EXERCISE REQUIREMENTS -
Using the records below, quote only the span that opens with the line containing "3 bedrooms, travel cot, free WiFi, bed sheets" and closes with the line containing "Kiadó albérlet 499000", exactly and inclusively.

PROVIDED RECORDS -
══════════════════════════════
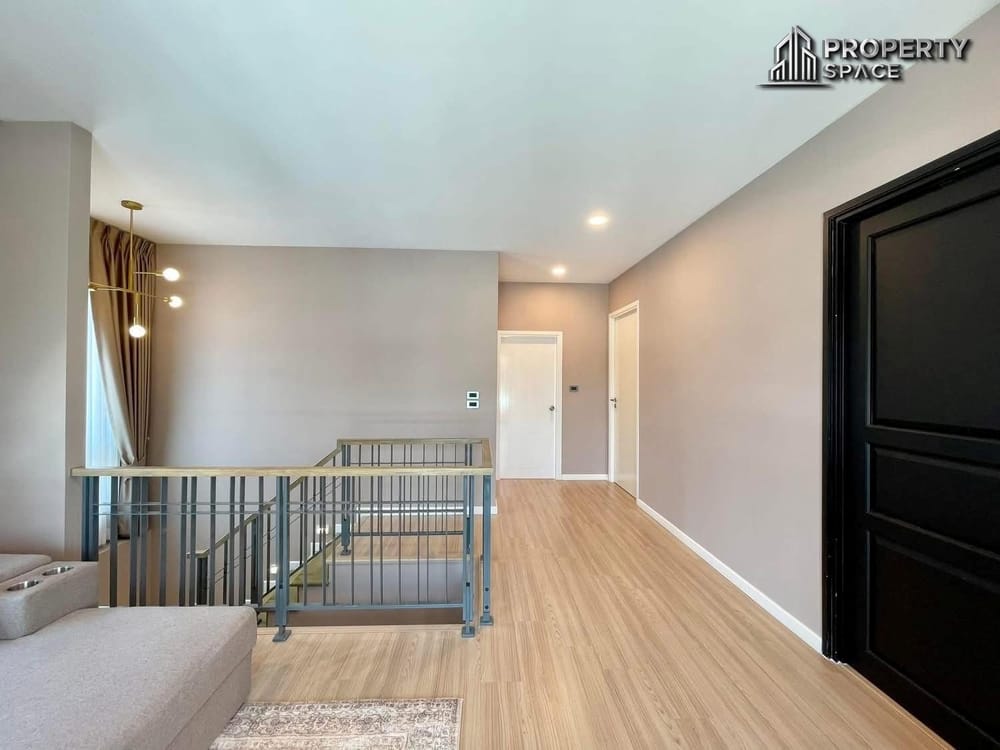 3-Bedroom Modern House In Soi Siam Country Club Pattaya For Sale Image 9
══════════════════════════════
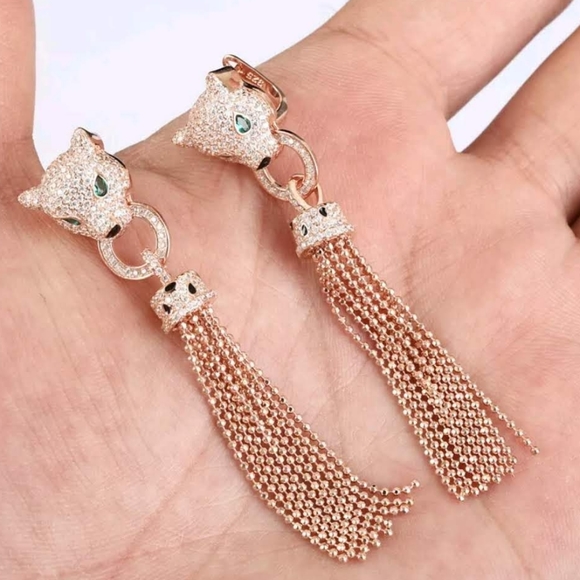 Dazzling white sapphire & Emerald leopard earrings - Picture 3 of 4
══════════════════════════════
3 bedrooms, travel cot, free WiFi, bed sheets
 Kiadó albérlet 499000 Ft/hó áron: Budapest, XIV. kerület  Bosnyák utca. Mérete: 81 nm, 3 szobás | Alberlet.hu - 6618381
══════════════════════════════
SOLUTION FOR THIS TASK -
3 bedrooms, travel cot, free WiFi, bed sheets
 Kiadó albérlet 499000 Ft/hó áron: Budapest, XIV. kerület  Bosnyák utca. Mérete: 81 nm, 3 szobás | Alberlet.hu - 6618381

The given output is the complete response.